Sunday, August 4, 2019

Subway Stories: An Observation Toward Forest Hills

He sat next to her on the hard, orange-colored seat in a Queens’s bound subway car, fanning her with a bright pink fan covered in white leaves. He was 65 if a day. The light glinted off his 80s style herringbone necklace. His beard and mustache were close-cropped, well taken care of. His backwards facing cap said Nike.

Her age was indeterminate. She might have been younger than he but from the looks of her, cigarettes and, I don't know, drugs maybe, had taken their toll. She was still attractive in a worn kind of way, but she seemed worn down, tired, but more than tired. She seemed spacey. She grabbed a scarf from her backpack and dabbed it across her face. I couldn't see the wetness she must have felt.

Her bleach blonde hair was brushed straight back from her face and gathered into a short ponytail. She was wearing all white. She looked fragile and vicious all at once.

The sores on her leg could have been from over-scratched insect bites. Or cigarette burns. Or they could have been the broken skin of a shin bashed too hard against a coffee table. But to me those glaring sores looked like puss-filled ulcerations the can result in over-active drug use.

Her face was made up. She seemed the type to never leave home without it. But it wasn't garish. Just enough. She knew what she was doing. Her eye lids were lined with long fake lashes that didn’t quite fill the expanse of the full lid. They were generously covered in black mascara, which accentuated the empty spaces on either side.

She leaned over to him and kissed him gently in the cheek. He turned his face so that his lips met hers. Another kiss. He loved her. I could tell. And she loved him. He continued to fan her, loose wisps of her bottle blonde hair blowing back and forth in his created breeze. 

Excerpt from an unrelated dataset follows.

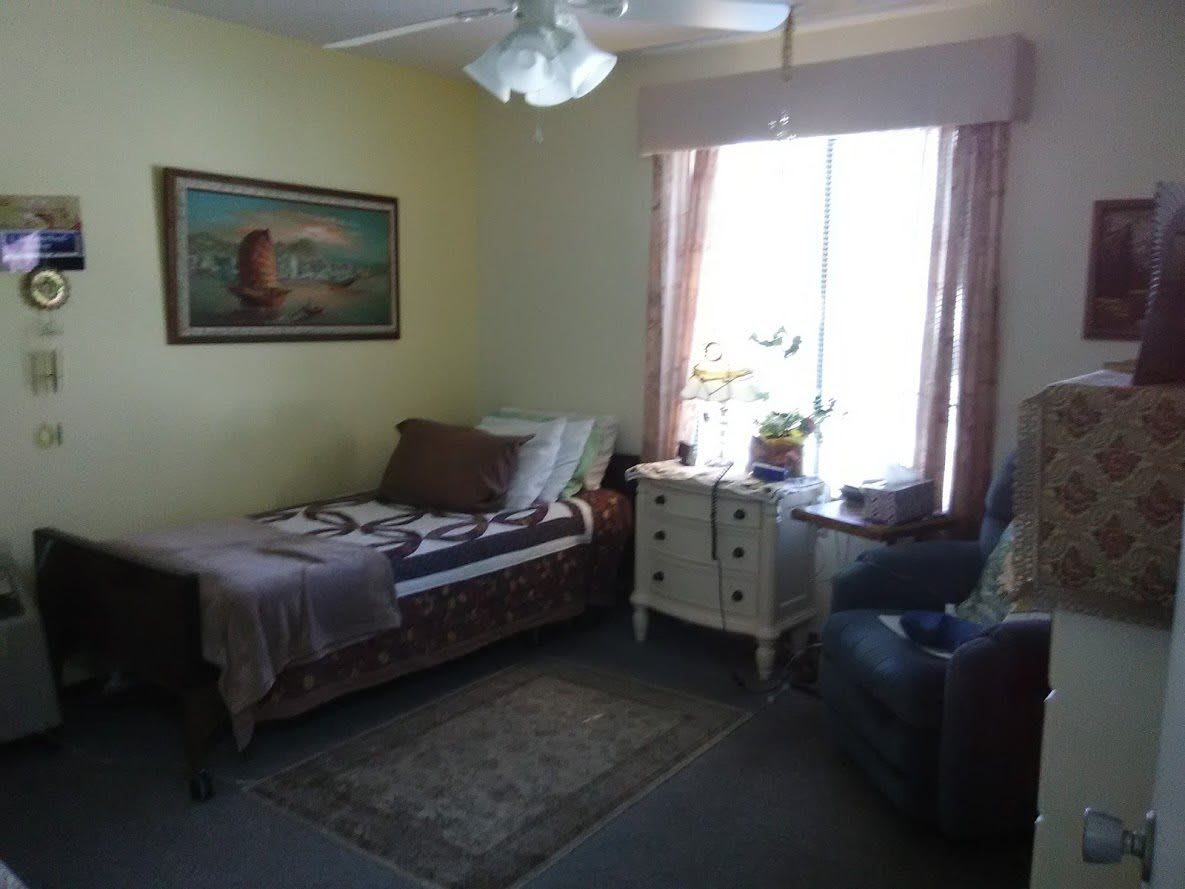 A cozy bedroom featuring a single bed, an armchair, a dresser by the window with curtains, and a painting on the wall.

I had heard her mention Forest Hills in her cigarette-choked voice when they first sat down on the train. But Forest Hills didn’t seem like their final destination. 

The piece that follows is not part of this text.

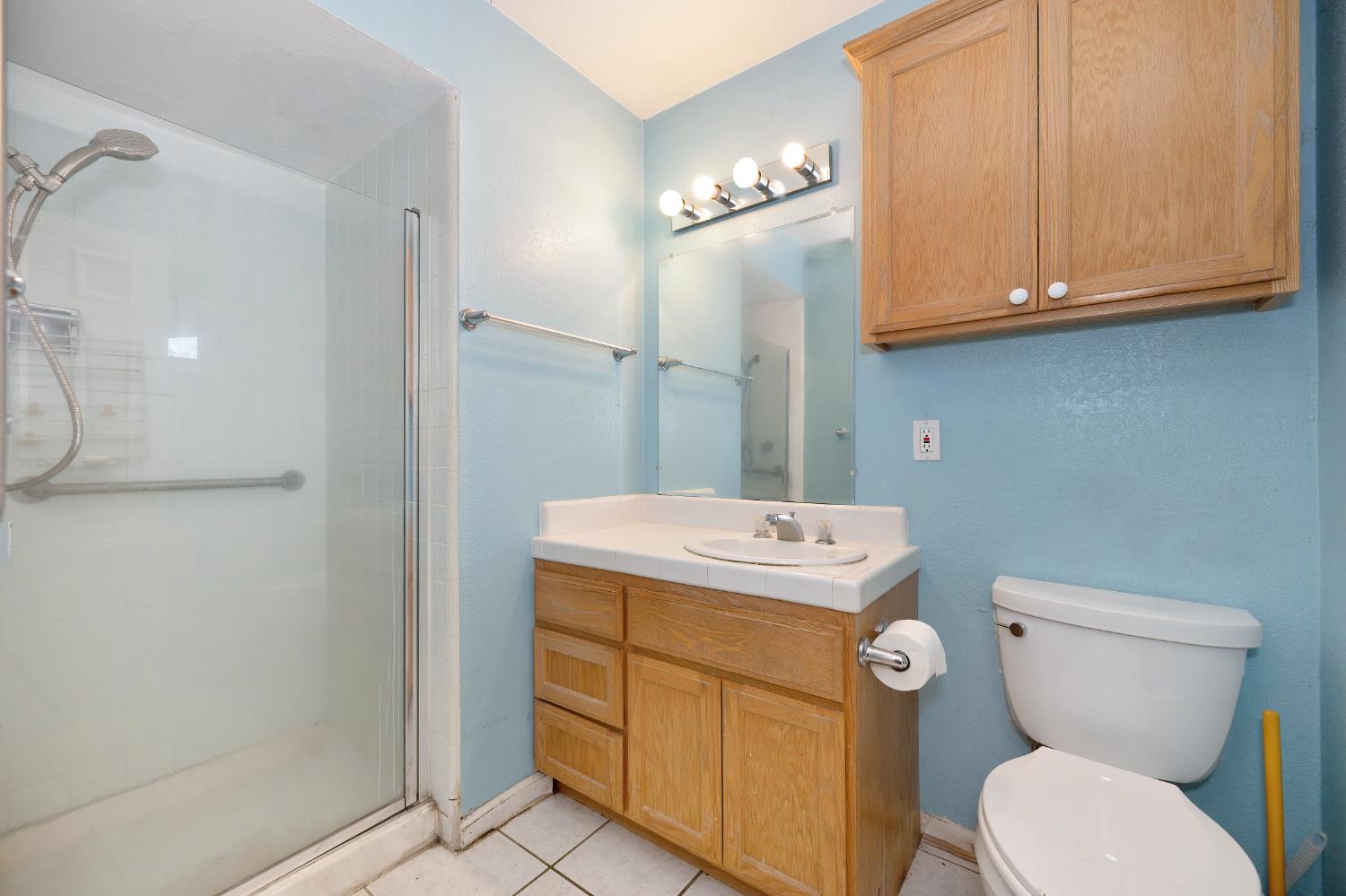 6430 Sandstone Street Carmichael, CA 95608 - Photo 25 of 39 a bathroom with a sink a toilet and shower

I never heard his voice, but watched him listen intently to every world she said, fanning, fanning. She closed her eyes and lay her head on his shoulder. I watched as he pulled the bottom of her shirt dress down over a thigh he must have felt was too exposed. He would protect her until he died. I knew it. I bet she knew it too, even if she did seem slightly languid at the time.

I wonder where they were going with their five bags of stuff? I wonder who they were? I’ll never know.